Pensando que uma caminhada fosse resolver, ele se levantou e paralisou depois de três passos.
— Querido — gritou a sua esposa, como se competisse com o som da corrente de água encanada que vinha de um dos cômodos em que ela se encontrava no segundo andar —, ponha o lixo fora!
— Deixa só as minhas costas decidirem parar de me torturar! — ele respondeu. Só a expiração decorrente da fala foi o suficiente para lhe causar mais dores.
— Se a minha artrite tivesse me impedido de fazer alguma coisa, você já teria morrido e eu também.
— Eu não consigo me mexer!
— Eu também não consigo. Só posso me mexer para conseguir o nosso jantar.
O jantar tinha chegado já fazia um tempo. Os bolinhos de cupins seriam o suficiente para aquela noite.
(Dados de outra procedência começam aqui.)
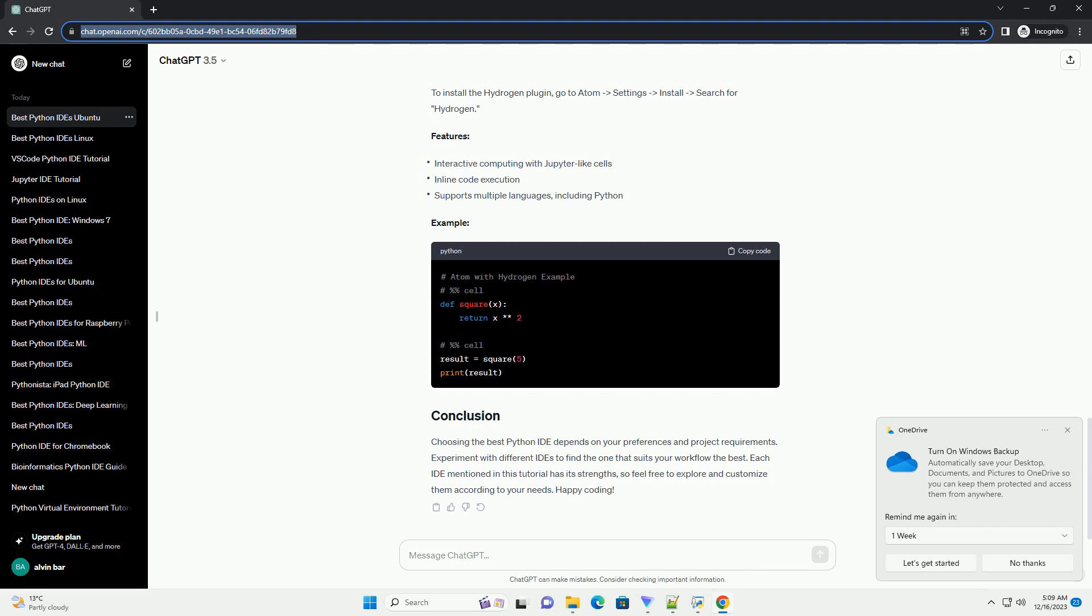Choosing the best Python IDE on Ubuntu depends on your preferences and workflow. Visual Studio Code, PyCharm, and Atom are all excellent choices, each with its strengths. Experiment with each IDE to find the one that best suits your needs and enhances your Python development experience on Ubuntu.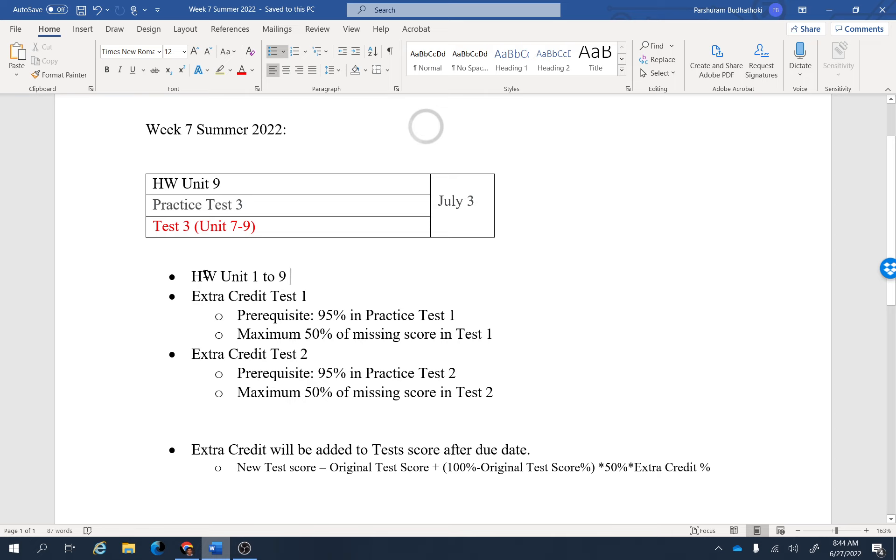I have made all the homework assignments, Homework Unit 1 through 9, available. So if you have missed any problems from those homework, you can go back and redo them.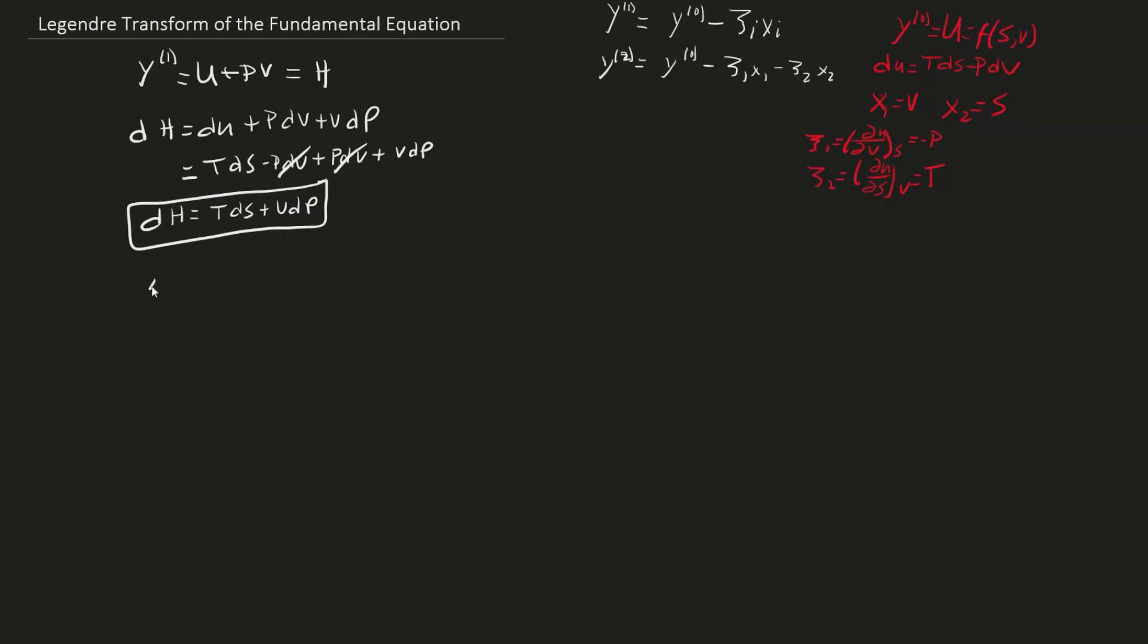Next, let's find the other first order Legendre Transform by taking the independent variable to be entropy. Therefore, the slope becomes temperature.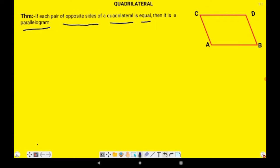This whole theorem has 4 main key points: what is a quadrilateral, its opposite sides, each pair, and that it is equal to a parallelogram. We have done a quadrilateral which is a parallelogram when its opposite pair of sides are parallel. This side is parallel here, and this side is parallel here. If both pairs of opposite sides are parallel, then we will call this quadrilateral a parallelogram.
— Ora, faça isso pelo seu amor! — clamou o tatu.
— O quê? — perguntou ela. Alguma objeto de ferro havia caído no chão e ecoou fortemente pelos comôdos abaixo do segundo andar.
— O lixo!
A corrente de água encanada pareceu ter sido interrompida, e lá vinha sua esposa descendo as escadas.
— Eu já me preocupo o suficiente com o estado de nossa casa e com a satisfação dos nossos estomâgos — ela disparou sem gaguejar —, mas eu estou cansada de ouvir suas desculpas para não se preocupar com nada e nem comigo!
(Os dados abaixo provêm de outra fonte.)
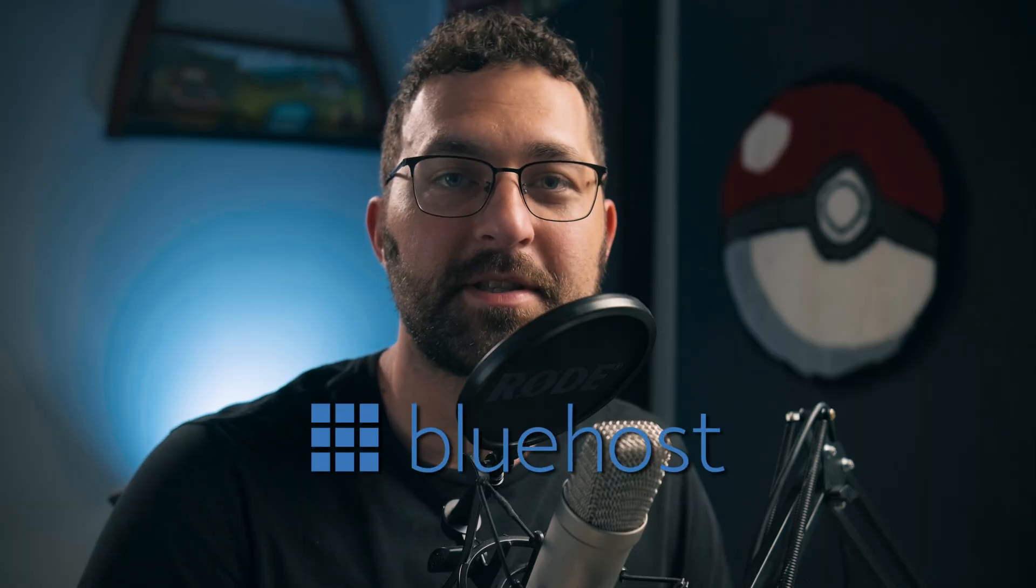Have you ever stared at a blank canvas and just went, what do I do? Let's fix that. Hello everyone, Tim here, and today we're going to walk through an amazing tool made by Bluehost, the sponsor of this video.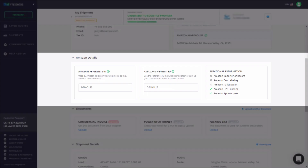If your shipment is going to an FBA warehouse, the Amazon Details section will appear on your shipment dashboard. There you can edit the Amazon reference and shipment IDs.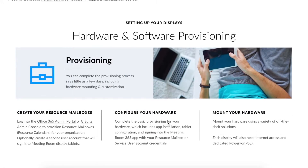When you're ready to move forward with your project, the process generally follows these steps. First, the provisioning of resource mailboxes, or calendars, for your meeting room — this happens in your email provider, and we have detailed guides covering the process. Second, hardware setup: this usually consists of downloading the app from the App Store and entering the display key from the Meeting Room 365 admin portal. You will also want to perform a few device-specific tasks, such as disabling sleep mode, which will vary from device to device.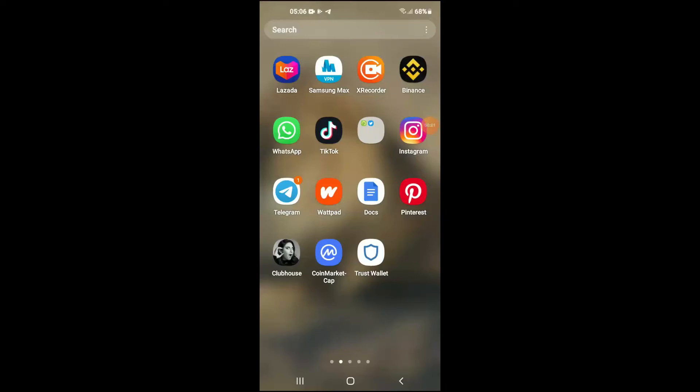Hello, in this video I'll be showing you how to buy NFT Mall token on Trust Wallet and PancakeSwap. First, you're going to need to download the Trust Wallet app.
— Olha eu! — disse o tatu, contorcendo os músculos do focinho em resposta a dor que havia brotado por toda a sua carapaça.
— Por que você não olha para mim?
— Eu não consigo me virarrrrARRRRRHHGG...
— Você admite que não se importa comigo!
— PELO AMOR DE DEUS!
— Eu vou arrebentar essa pá nas suas costas!
— EI, ALTO LÁ!
E mais um mantra de dor se espalhou pelas suas costas.
— Eu vou contar até três — ela ameaçou.
— ALEIJA EU AÍ, NEURÓTICA!
Nisso, a profecia se realizou sem mais.
— ARRRRHHHHH, PORRA! — gritou o tatu.
Sua esposa repetidamente gritava "olha só" como se suas hipotéses tivessem se mostrado verdade naquele momento.
— VOCÊ É UM VAGABUNDO — disse ela, ferozmente.
— AH!
— COMO PODE SE LEVANTAR COM AS DORES, HEIN?
— EU ME SINTO MELHOR, PORRA.
E o tatu saiu.
— ONDE VAI VOCÊ? — perguntou ela.
— PÔR O LIXO FORA. NÃO ERA ISSO QUE VOCÊ QUERIA?